[
https://issues.apache.org/jira/browse/HDFS-3170?page=com.atlassian.jira.plugin.system.issuetabpanels:all-tabpanel
]
Matthew Jacobs updated HDFS-3170:
---------------------------------
Status: Patch Available (was: Open)
The attached patch adds the write-latency related metrics described in this
JIRA. The tests verify that the metrics are added. I manually checked that the
averaged latency values were reasonable. For example, I added a sleep before
taking the ack end time and then verified that the resulting metric (via jmx)
was greater than the sleep time.
> Add more useful metrics for write latency
> -----------------------------------------
>
> Key: HDFS-3170
> URL: https://issues.apache.org/jira/browse/HDFS-3170
> Project: Hadoop HDFS
> Issue Type: Improvement
> Components: data-node
> Affects Versions: 2.0.0-alpha
> Reporter: Todd Lipcon
> Assignee: Matthew Jacobs
> Attachments: hdfs-3170.txt
>
>
> Currently, the only write-latency related metric we expose is the total
> amount of time taken by opWriteBlock. This is practically useless, since (a)
> different blocks may be wildly different sizes, and (b) if the writer is only
> generating data slowly, it will make a block write take longer by no fault of
> the DN. I would like to propose two new metrics:
> 1) *flush-to-disk time*: count how long it takes for each call to flush an
> incoming packet to disk (including the checksums). In most cases this will be
> close to 0, as it only flushes to buffer cache, but if the backing block
> device enters congested writeback, it can take much longer, which provides an
> interesting metric.
> 2) *round trip to downstream pipeline node*: track the round trip latency for
> the part of the pipeline between the local node and its downstream neighbors.

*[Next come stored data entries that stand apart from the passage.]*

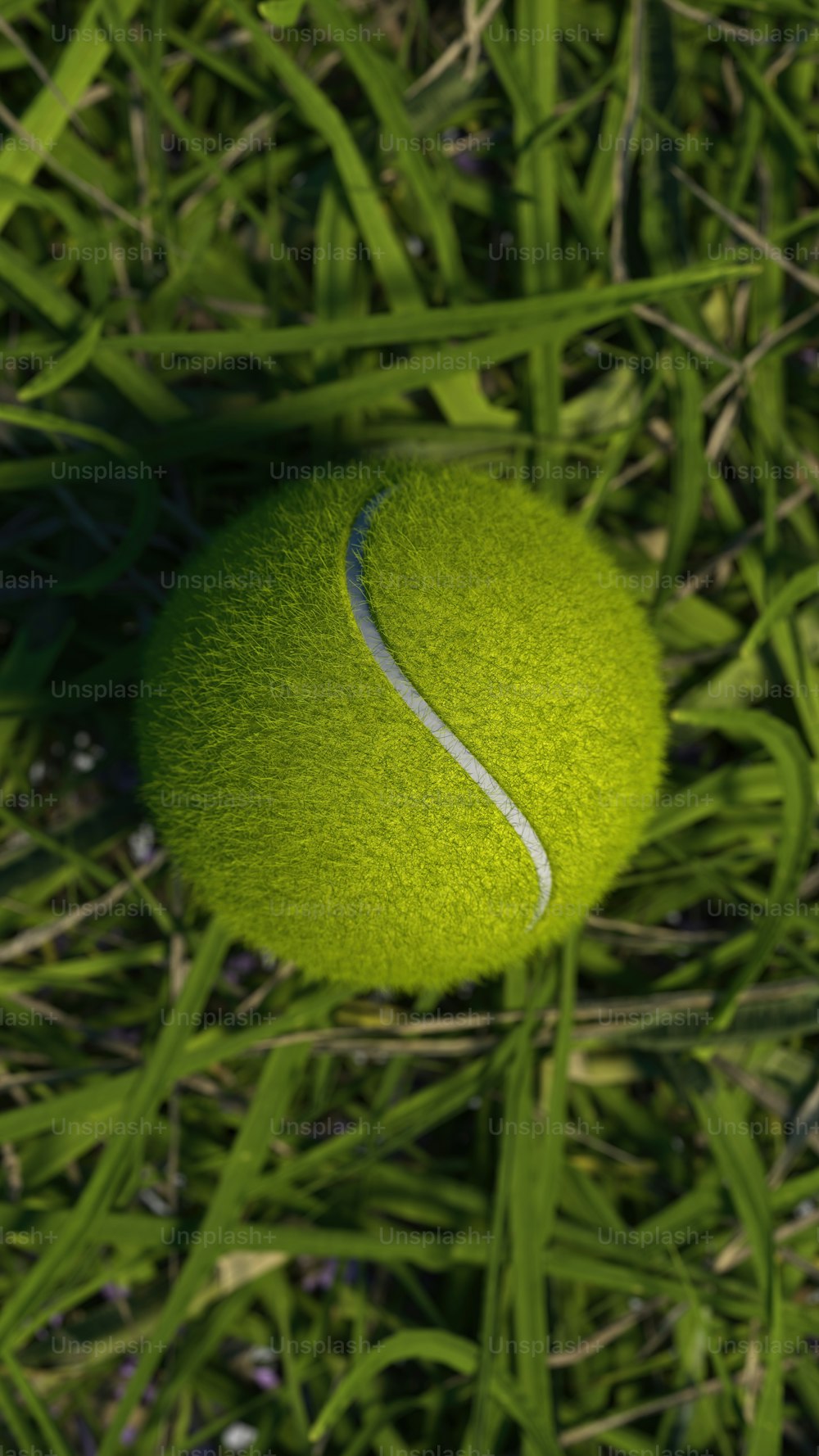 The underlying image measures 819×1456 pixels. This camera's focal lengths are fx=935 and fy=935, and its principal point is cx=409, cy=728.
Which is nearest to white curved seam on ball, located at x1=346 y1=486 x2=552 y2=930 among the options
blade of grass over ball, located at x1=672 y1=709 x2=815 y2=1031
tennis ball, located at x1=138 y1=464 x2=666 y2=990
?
tennis ball, located at x1=138 y1=464 x2=666 y2=990

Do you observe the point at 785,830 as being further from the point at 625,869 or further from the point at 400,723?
the point at 400,723

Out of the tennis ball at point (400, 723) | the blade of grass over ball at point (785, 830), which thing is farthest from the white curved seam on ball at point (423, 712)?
the blade of grass over ball at point (785, 830)

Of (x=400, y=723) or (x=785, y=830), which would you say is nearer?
(x=400, y=723)

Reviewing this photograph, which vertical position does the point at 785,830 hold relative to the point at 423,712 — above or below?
below

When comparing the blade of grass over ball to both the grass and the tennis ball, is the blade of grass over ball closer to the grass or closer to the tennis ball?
the grass

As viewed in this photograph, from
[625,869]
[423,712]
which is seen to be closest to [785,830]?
[625,869]

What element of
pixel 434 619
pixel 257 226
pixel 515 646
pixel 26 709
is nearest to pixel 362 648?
pixel 434 619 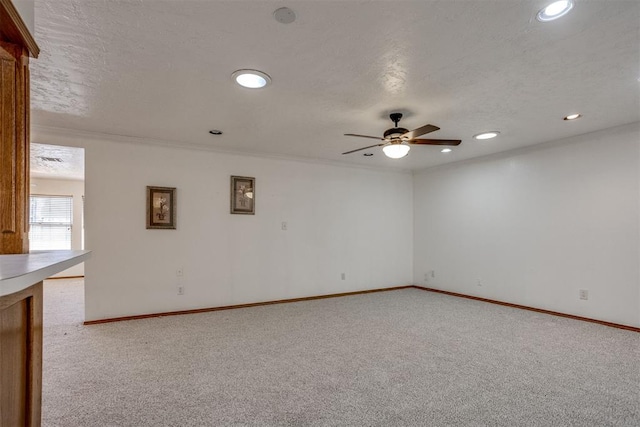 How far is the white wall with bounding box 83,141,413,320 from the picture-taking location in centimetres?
401

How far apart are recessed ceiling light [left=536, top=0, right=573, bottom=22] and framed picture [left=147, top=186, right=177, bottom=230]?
13.5ft

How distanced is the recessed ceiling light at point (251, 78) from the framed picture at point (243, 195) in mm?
→ 2307

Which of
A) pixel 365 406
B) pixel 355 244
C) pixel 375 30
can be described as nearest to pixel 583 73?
pixel 375 30

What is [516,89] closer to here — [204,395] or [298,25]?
[298,25]

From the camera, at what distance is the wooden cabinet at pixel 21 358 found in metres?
0.98

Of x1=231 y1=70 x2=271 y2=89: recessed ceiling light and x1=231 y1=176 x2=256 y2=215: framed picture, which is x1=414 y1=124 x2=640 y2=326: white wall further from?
x1=231 y1=70 x2=271 y2=89: recessed ceiling light

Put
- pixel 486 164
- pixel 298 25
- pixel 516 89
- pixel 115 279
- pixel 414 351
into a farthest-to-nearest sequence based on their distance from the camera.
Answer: pixel 486 164, pixel 115 279, pixel 414 351, pixel 516 89, pixel 298 25

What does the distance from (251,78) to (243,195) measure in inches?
99.5

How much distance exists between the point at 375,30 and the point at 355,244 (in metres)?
4.20

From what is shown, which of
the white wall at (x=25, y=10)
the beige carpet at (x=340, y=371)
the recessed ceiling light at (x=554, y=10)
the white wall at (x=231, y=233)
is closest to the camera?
the white wall at (x=25, y=10)

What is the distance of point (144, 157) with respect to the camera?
421 centimetres

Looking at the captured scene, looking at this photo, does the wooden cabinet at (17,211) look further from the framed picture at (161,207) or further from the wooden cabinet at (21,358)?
the framed picture at (161,207)

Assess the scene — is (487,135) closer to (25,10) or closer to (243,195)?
(243,195)

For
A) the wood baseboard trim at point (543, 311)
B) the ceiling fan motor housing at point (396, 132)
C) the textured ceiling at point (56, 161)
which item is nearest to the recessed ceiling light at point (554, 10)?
the ceiling fan motor housing at point (396, 132) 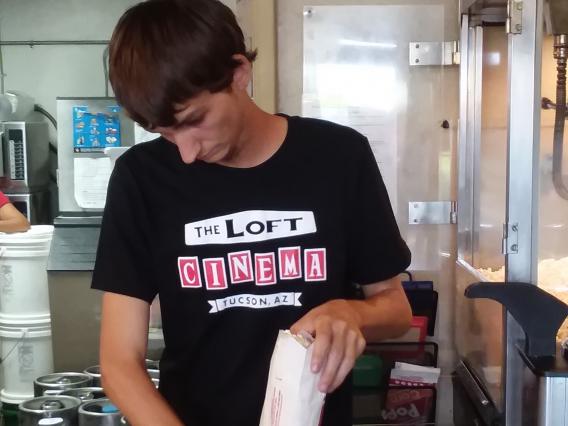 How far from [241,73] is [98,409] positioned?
179 centimetres

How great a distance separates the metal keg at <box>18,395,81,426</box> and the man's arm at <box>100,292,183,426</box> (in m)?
1.57

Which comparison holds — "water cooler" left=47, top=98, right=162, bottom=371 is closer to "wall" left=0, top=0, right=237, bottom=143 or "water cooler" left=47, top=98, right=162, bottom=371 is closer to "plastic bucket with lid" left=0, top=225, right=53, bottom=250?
"plastic bucket with lid" left=0, top=225, right=53, bottom=250

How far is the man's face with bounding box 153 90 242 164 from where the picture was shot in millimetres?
967

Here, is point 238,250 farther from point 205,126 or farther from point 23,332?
point 23,332

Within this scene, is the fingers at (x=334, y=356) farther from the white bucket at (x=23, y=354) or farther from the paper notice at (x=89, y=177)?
the white bucket at (x=23, y=354)

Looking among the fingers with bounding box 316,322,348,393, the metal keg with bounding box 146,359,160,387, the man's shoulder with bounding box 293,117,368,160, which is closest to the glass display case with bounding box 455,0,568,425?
the man's shoulder with bounding box 293,117,368,160

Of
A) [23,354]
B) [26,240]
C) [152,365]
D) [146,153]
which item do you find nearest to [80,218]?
[26,240]

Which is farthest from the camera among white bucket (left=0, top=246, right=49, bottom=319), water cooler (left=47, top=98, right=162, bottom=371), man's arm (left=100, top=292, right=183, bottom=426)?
white bucket (left=0, top=246, right=49, bottom=319)

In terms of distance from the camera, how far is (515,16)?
186cm

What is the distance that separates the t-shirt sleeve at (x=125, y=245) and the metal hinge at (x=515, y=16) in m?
1.12

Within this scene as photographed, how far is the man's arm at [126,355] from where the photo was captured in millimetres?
1046

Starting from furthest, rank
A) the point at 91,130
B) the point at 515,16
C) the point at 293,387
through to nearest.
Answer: the point at 91,130, the point at 515,16, the point at 293,387

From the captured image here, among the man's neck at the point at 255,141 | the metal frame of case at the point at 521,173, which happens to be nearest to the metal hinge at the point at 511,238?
the metal frame of case at the point at 521,173

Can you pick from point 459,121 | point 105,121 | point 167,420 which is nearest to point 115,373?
point 167,420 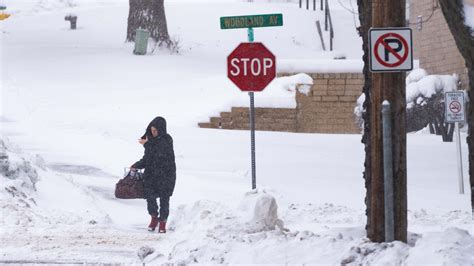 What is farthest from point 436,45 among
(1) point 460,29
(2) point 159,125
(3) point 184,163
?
(1) point 460,29

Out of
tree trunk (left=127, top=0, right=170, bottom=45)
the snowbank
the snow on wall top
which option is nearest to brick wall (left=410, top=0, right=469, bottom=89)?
the snowbank

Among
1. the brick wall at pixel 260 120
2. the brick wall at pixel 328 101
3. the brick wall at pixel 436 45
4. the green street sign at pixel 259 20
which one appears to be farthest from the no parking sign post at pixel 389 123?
the brick wall at pixel 436 45

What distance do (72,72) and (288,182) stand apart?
1253 cm

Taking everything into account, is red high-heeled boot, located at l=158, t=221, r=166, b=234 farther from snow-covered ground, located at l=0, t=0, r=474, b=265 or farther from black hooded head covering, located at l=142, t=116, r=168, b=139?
black hooded head covering, located at l=142, t=116, r=168, b=139

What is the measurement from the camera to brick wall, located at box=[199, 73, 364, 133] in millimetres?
24047

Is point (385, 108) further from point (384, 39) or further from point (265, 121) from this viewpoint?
point (265, 121)

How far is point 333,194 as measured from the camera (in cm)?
1636

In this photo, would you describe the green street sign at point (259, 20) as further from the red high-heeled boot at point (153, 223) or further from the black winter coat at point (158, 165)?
the red high-heeled boot at point (153, 223)

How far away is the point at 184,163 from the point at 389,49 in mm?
11081

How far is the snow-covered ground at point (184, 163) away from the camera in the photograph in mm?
9344

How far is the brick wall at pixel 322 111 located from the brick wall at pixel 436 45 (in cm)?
325

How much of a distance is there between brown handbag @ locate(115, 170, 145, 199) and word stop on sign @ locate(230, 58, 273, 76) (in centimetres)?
198

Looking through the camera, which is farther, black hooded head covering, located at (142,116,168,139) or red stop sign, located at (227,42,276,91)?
red stop sign, located at (227,42,276,91)

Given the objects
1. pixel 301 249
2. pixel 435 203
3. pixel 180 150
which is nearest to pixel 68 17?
pixel 180 150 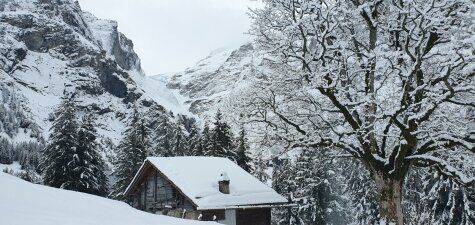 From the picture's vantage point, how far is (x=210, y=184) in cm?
3155

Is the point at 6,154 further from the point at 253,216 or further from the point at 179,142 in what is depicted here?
the point at 253,216

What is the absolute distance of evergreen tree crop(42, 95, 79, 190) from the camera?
39.3 m

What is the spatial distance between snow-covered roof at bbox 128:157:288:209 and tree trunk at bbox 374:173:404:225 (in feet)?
49.7

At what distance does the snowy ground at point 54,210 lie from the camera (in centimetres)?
540

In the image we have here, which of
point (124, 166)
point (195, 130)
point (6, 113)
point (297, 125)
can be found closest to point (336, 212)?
point (195, 130)

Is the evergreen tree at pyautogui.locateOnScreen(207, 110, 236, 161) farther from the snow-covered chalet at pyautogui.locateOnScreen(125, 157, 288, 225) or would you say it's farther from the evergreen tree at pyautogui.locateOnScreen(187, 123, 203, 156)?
the snow-covered chalet at pyautogui.locateOnScreen(125, 157, 288, 225)

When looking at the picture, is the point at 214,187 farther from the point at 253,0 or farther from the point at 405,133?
the point at 405,133

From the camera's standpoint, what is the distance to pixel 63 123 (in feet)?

> When we add a new packet to the ack queue, save the current timestamp. When
> we receive an ack, update the metric based on how long since we sent the
> original packet. This gives a metric of the total RTT through the pipeline.
> If we also include this metric in the ack to upstream, we can subtract the
> amount of time due to the later stages in the pipeline and have an accurate
> count of this particular link.
--
This message is automatically generated by JIRA.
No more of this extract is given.